Chronique

Moker

Ladder

Mathias Van de Wiele (g, fh), Jordi Grognard (ts, cl, bansuri), Bart Maris (tp, elec), Lieven Van Pée (b, elec), Giovani Barcella (dms)

Label / Distribution : El Negocito Records

Moker est un orchestre symbolique de la Flandre. Composé de musiciens renommés en Europe, tel le trompettiste Bart Maris ou le contrebassiste de De Beren Gieren Lieven Van Pée, il peine cependant à dépasser les frontières de la Belgique malgré ses dix ans d’existence et ses cinq albums. Basé à Gand, à l’instar de la plupart des musiciens flamands impliqués dans le spectre des musiques improvisées, Moker, qui signifie marteau en néerlandais, est soutenu par le label El Negocito Records qui documente à merveille cette scène trop négligée dans l’Hexagone. Certes, Maris et sa trompette percluse d’effets a déjà frappé les esprits lors d’une collaboration avec Walabix, et le batteur Giovani Barcella a fait forte impression récemment avec Charles Gayle aux Soirées Tricot. En revanche le guitariste et corniste Mathias Van de Wiele, qui assurément tient le manche de ce marteau, n’a pas la notoriété qu’il mérite.

Pourtant, l’improvisation très ouverte de Ladder (échelle en anglais : sans doute un clin d’œil au théâtre Scala de Gand où a eu lieu l’enregistrement, plutôt qu’une métaphore filée dans les travées d’un magasin de bricolage), ainsi que le format court des titres, doivent beaucoup au jeu à la fois pugnace et aérien de Van de Wiele.

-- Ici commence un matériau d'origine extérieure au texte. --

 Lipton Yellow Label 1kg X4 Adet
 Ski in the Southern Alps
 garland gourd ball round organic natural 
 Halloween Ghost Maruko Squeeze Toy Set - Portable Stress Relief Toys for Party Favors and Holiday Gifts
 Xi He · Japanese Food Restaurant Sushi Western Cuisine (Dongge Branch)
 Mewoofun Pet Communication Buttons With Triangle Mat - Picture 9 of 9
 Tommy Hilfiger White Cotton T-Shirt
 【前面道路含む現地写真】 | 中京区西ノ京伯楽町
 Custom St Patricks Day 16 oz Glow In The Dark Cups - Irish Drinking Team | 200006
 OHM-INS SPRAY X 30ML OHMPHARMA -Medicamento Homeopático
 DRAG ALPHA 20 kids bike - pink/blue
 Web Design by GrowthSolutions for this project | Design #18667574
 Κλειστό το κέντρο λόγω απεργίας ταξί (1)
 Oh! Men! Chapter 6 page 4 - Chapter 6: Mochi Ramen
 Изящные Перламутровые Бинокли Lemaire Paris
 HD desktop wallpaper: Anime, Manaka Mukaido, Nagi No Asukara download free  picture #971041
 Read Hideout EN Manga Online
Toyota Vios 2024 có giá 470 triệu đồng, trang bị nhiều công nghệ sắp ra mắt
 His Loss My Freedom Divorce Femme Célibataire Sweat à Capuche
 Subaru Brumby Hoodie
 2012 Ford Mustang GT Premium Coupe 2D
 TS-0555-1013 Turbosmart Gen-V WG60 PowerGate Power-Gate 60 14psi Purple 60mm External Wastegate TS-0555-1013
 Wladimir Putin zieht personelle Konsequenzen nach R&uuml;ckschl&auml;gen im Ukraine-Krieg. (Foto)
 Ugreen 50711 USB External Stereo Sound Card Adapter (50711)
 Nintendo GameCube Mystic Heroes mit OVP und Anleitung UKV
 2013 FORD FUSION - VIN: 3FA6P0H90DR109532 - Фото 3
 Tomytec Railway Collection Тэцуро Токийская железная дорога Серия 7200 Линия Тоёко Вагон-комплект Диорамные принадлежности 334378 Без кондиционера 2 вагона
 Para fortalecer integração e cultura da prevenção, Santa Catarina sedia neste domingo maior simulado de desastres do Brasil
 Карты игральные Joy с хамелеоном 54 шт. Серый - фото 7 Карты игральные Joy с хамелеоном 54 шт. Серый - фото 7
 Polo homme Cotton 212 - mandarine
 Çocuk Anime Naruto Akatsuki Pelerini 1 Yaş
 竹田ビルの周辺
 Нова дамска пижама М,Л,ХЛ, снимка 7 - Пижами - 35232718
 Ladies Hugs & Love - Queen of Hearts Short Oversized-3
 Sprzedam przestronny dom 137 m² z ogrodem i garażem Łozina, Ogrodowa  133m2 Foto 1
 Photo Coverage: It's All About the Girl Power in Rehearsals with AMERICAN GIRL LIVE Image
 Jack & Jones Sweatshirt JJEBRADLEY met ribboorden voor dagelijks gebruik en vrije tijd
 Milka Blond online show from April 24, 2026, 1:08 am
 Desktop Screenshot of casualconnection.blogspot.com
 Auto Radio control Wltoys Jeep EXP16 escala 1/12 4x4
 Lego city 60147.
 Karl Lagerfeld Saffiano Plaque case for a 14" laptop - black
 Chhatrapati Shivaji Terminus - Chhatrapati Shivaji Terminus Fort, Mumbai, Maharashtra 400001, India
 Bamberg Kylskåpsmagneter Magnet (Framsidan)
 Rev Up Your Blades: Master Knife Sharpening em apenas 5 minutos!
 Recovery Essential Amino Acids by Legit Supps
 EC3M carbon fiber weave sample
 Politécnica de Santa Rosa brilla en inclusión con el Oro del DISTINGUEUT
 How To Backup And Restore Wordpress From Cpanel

Durant toutes ces années, le line-up a évolué, des amis comme Joachim Badenhorst sont passés, mais le guitariste est immuable. C’est lui qui donne la température. Elle bouillonne au cœur du bien huilé « Zwengel » où les riffs acides viennent se fracasser sur une rythmique funk brûlante, attisée par les cascades volcaniques du ténor de Jordi Grognard. Elle est néanmoins plus douce lorsque sur « Skopalli », les plaintes traînantes des cordes viennent s’unir aux cris de sa clarinette.

La relation triangulaire entre Maris, Grognard et Van de Wiele est un véritable catalyseur de mouvement. Elle pénètre au plus profond de l’axe de Barcella et Van Pée (« Zwarr Metaal »). Comme souvent dans les projets auxquels s’attache Bart Maris, l’omniprésence de l’électronique et l’électricité convoie énormément de sensations. Dans Moker, celles-ci sont utilisées pour une narration avide de détails. Les morceaux forts expressifs de Ladder permettent de développer une idée ou un climat en peu de notes, d’autant plus quand ceux-ci se chevauchent, à l’image de la fugace déflagration collective de « Kruidsteen » qui semble répondre à l’indolence souriante de « Mind The Gap ». Un album d’une grande fraîcheur qui invite à s’intéresser de près à la scène gantoise.